Each essay in this series taps into its writer’s lived experience and shows how cinema is part of it. By putting these realities in proximity, a drawing of the different forms of life that surround, or could surround cinema transpires. This drawing can then guide efforts to reorganize, or organize, the present infrastructure of cinema.
Reman Sadani writes about the labor of amateur archivists, and the discourse of loss and the state of ba’thara (dispersal) which characterize the situation of Iraqi audio visual archives. While, in his interview, Basil Alsubee and veteran filmmaker Hala Alabdalla, speak about the need for poetics, community, intergenerational dialogue. They also discuss moments when groups are intentionally denied the possibility of representation in images, a foundational concern in Iskandar Abdalla’s contribution to this collection which proposes ‘queer viewing’ as a method to combat the absence and loss of the image.
Through Ahmed Tag's interview with Amin Elhelaly, one of the founders of the cine-club in Qoos, Qena, we learn of Amin's efforts to carve out a space for cinema in his hometown despite the lack of funds and resources, and the tactics required to work in a community that is suspicious about what cinema can offer. This last point resonates across to what Faraj Alsileeni writes about. His observations show how on the ground security apparatuses work to limit cultural activities in Libya and what might be possible solutions.

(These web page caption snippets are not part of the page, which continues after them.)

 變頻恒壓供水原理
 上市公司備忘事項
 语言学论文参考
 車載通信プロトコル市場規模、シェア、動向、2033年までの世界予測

Valentina Villani examines in her essay the distribution and circulation infrastructure through which independent Egyptian films circulate, both internationally and at home, to ask what the future may look like for this kind of cinema. In the spirit of finding new tactics and strategies, Farah Hallaba also writes in her contribution about her attempt to develop a guide for filmmakers who wish to be part of cinematic productions that are accountable to the communities they are part of and represent.
"Malaffat" is a blog that aims to produce and preserve knowledge about films in the Arabic-speaking region. "Malaffat NAAS" series revive the role of archival materials as techniques for preserving, building, and participating in communities. We hope that published pieces will become a space for discussion about different experiences in the field of cinema, such as cinema clubs, independent theaters, and others, especially with regard to what is related to “cinematic zeitgeist,” as Syrian director Nidal Al-Dibs, one of our first guests on this platform, called it. The blog is not a place to display movie readings or reviews, but rather a place to raise questions about the other elements that make cinema a unique cultural and societal institution.